Re: Data enrichment using several keys

Posted by Dirk Arends <di...@fontis.com.au>.
Hi Valentina,

Not sure if this will work for you, but I have achieved 2 key lookups using
a LookupService by creating a composite field in the csv. Admittedly I was
creating the csv in nifi from another data source so I had control of the
CSV's shape.

You may be able to form a composite key in your streamed data without
needing a script but I wrote a custom groovy script to combine the two
fields in my dataset on the fly to use in the look up.

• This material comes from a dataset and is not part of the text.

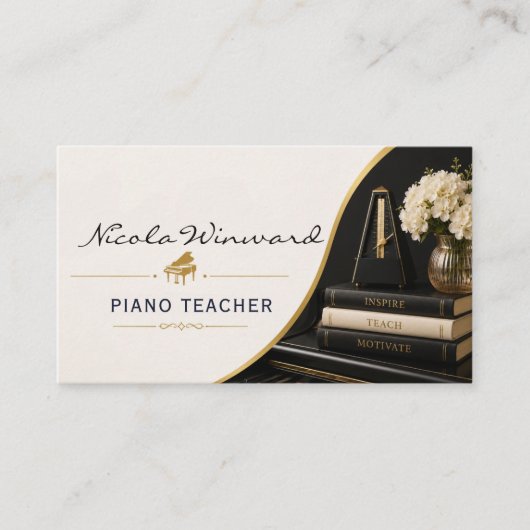 Carte de visite de professeur de piano (Devant)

// Near the start of the `onTrigger`
        def lookupService =
context.getProperty(RECORD_LOOKUP).asControllerService(LookupService)

// Located in a function called from both locations of `// TODO process
first record`
            final Optional<?> lookupValueOption

            def key =
"${record.getValue('ReferenceTypeId')}-${record.getValue('Id')}".toString()

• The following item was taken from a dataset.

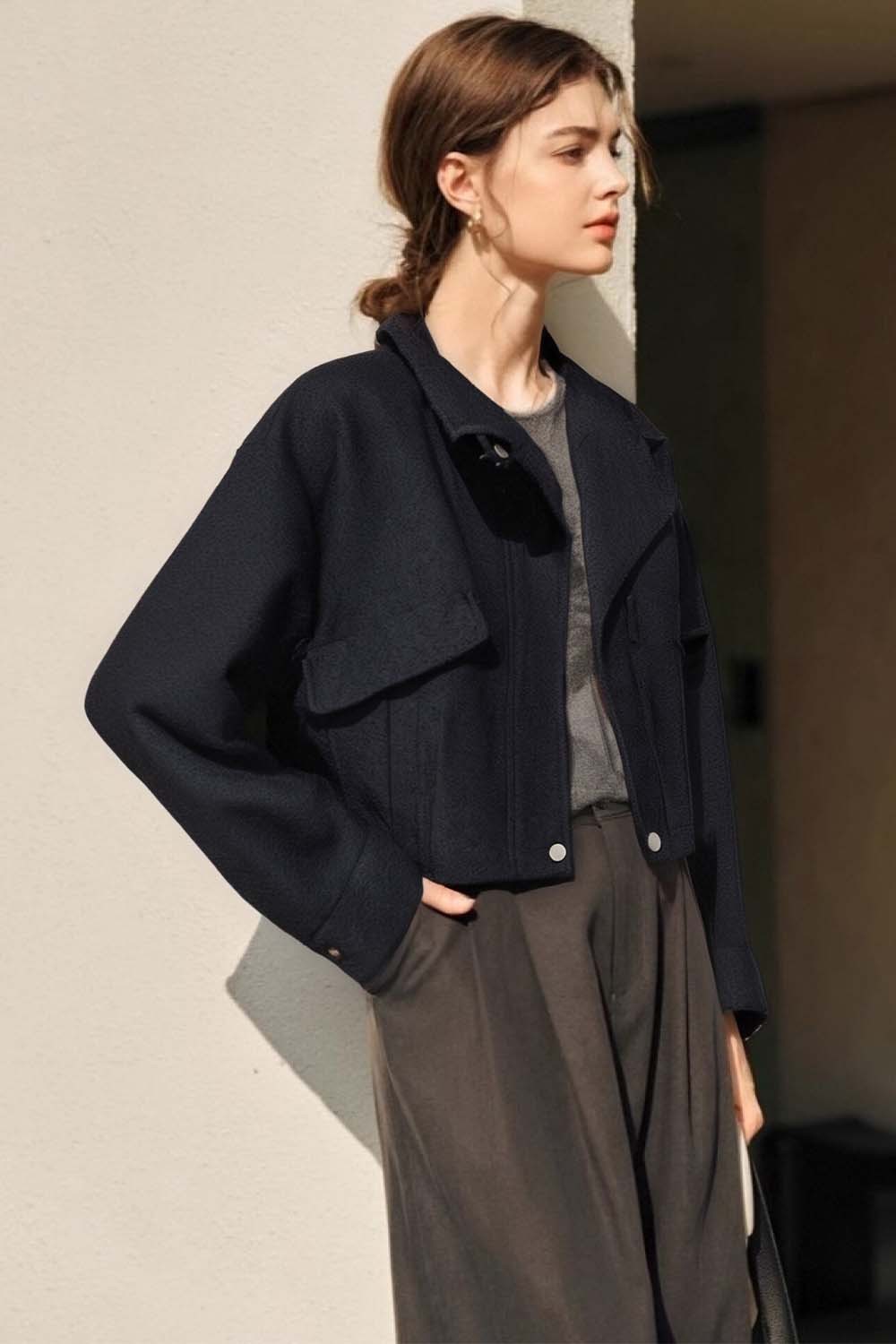 Workwear Style Short Lapel Jacket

            def lookupCoordinates = ['key':key]

            try {
                lookupValueOption = lookupService.lookup(lookupCoordinates)
            } catch (final Exception e) {
                throw new ProcessException('Failed to lookup coordinates '
+ lookupCoordinates + ' in Lookup Service', e)
            }

            if (!lookupValueOption.isPresent()) {
                getLogger().debug('Reference ' + lookupCoordinates + ' not
found in Lookup Service. Not adding to reference map')
                continue
            }

            def Record lookupRecord = (Record) lookupValueOption.get()
            def referenceTypeCode =
lookupRecord.getValue('ReferenceTypeCode')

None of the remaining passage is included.